* Problem to work on *
Transcribe exactly the lines from the one containing "Taschanlampe EX4 explosionsgeschütz" through the end of the data, both included. Leave out pictures.

* Given information *
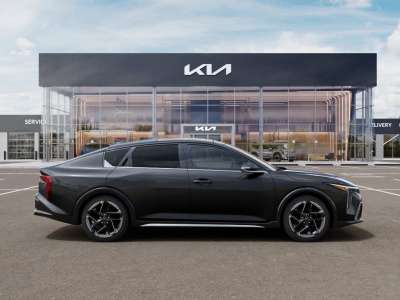 New 2026 Kia K4 GT-Line Sedan for sale in Grand Island NE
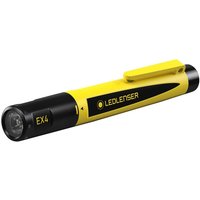 Taschanlampe EX4 explosionsgeschütz Zone 1 Ledlenser von LED Lenser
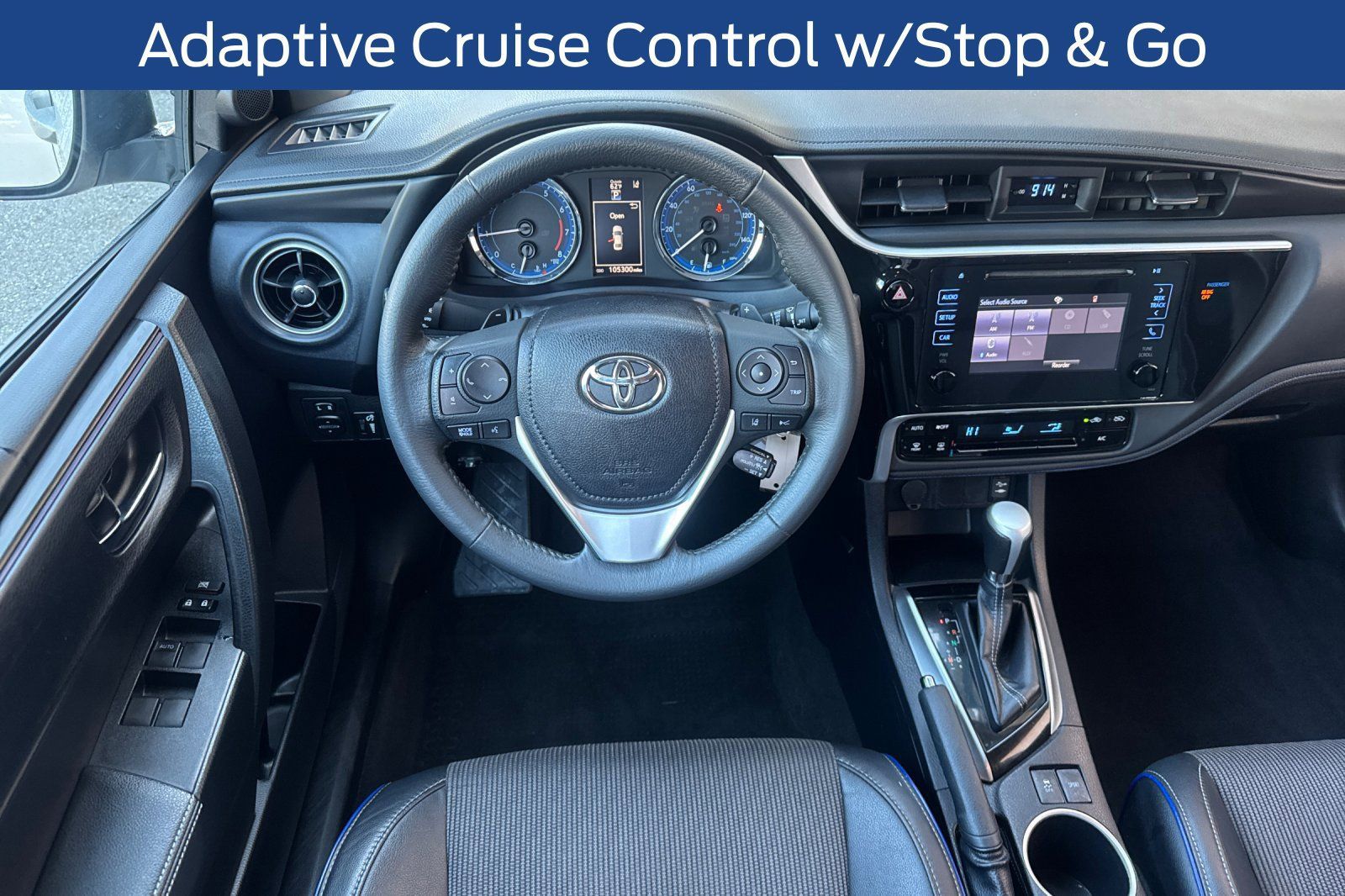 Used 2018 Toyota Corolla SE FWD image 18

* Exercise answer *
 Taschanlampe EX4 explosionsgeschütz Zone 1 Ledlenser von LED Lenser
 Used 2018 Toyota Corolla SE FWD image 18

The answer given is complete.